The R&D chart at game end. Han was orange, Reza black, me green, Afif purple. That stack of discs on the Turn Order tech was a mistake. None of us researched that.

I'm quite pleased with my Age of Steam cubes solution to the shipping management problem.

The Thoughts

  1. You need a calculator. It makes the mergers much easier.
  2. Use some wooden cubes from another game to mark ship capacity usage, as opposed to trying to stand the ships on different sides, or placing $5 coins as suggested by the rules. Cubes are good, and cubes are cute.
  3. Take actions simultaneously when they won't impact others. It saves time.
  4. Don't underestimate the profitability of shipping companies. Aaarrgghh!!!
  5. The game is long, but it doesn't feel so because you are constantly engaged.
  6. A lot of chores in the game.

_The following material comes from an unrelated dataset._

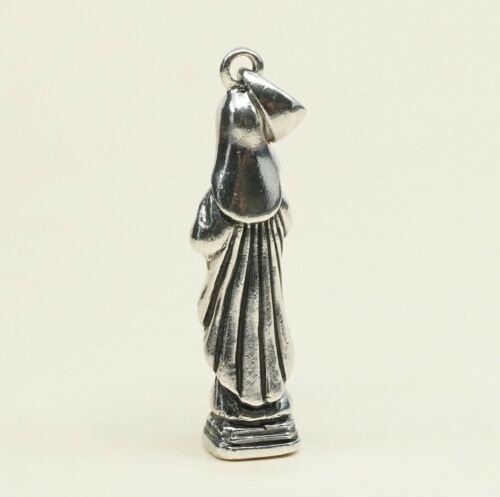 Vintage Sterling 925 Silver Handmade Pendant, Virgin Mary Shaped Pendant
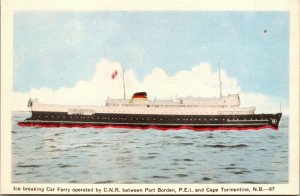 Vtg Ice Breaking CNR Ferry Between Prince Edward Island & New Brunswick Postcard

Effort vs decision ratio is high. It does have a lot of interesting decisions and tense moments, but you have to be prepared to pay the price - the fiddling around with bits and the long play time.
  7. In our game noone bothered to increase the bidding technology, so when bidding for turn order, usually whoever bid earlier would lose, because the later bidders would always be willing to pay the previous bid + 1, if they wanted to go earlier. So this is an aspect that we have not explored.
  8. We mostly tried to own many companies - increasing our slots, as opposed to trying to own fewer but bigger companies. Even by game end, only Afif had the level 3 merger tech, i.e. he could propose a merger of a size 1 company and a size 2 company. The rest of us were at level 2. This meant noone could propose to merge two size 2 companies (you'd need to be at level 4 of the merger tech). I think things would be more interesting (i.e. vicious) if all of us had higher merger techs. With the level 4 tech, the shipping companies and the Indomie (siap faji) companies would be at risk. This is another aspect that can be explored further.
  9. Hmmm... saying that we "sped past" a 4-hour game is rather scary, but that's what I sincerely felt. I felt we missed exploring some aspects of the game because we had sped through it.
  10. Indonesia can be an unforgiving game, like Greed Incorporated (also by Splotter Spellen). One key mistake, or one early mistake, can cripple you. That kinda sucks when you are investing in a 4-hour game. But that's the price you have to pay. I enjoy how tense and brutal the mergers can be. This is a game that you need to stay sharp throughout. It is a game of knowing where the big decisions are, make making the right choices at those critical moments. This is truly a gamer's game.
  11. Was Indonesia worth the money that I paid for it? I don't measure a game's worth by money paid. I measure it by (a) whether I play it enough times to appreciate the intricacies, (b) whether I like the game after understanding it, (c) whether I had a good time with my friends. (c) is definitely there, and I hope to continue to work on (a) and (b).

5 comments:

  1. I read Siap Faji is a misprint, its supposed to be Siap Saji, ready to serve. Oh, we need to play indonesia again! haha

    ReplyDelete
  2. I too was a bit puzzled about "siap faji". What you said makes sense. Unless there really is an Indonesian word "faji". Anyone from Indonesia can confirm?

    ReplyDelete
    Replies
    1. No there is not. "Siap saji" is the correct one.

      Delete
  3. Great read! Thank you for this info. I'm considering purchasing Indonesia.

    ReplyDelete
  4. K_I_T, hope you'll enjoy the game! Just be prepared it will take long, and the mergers can be quite brutal.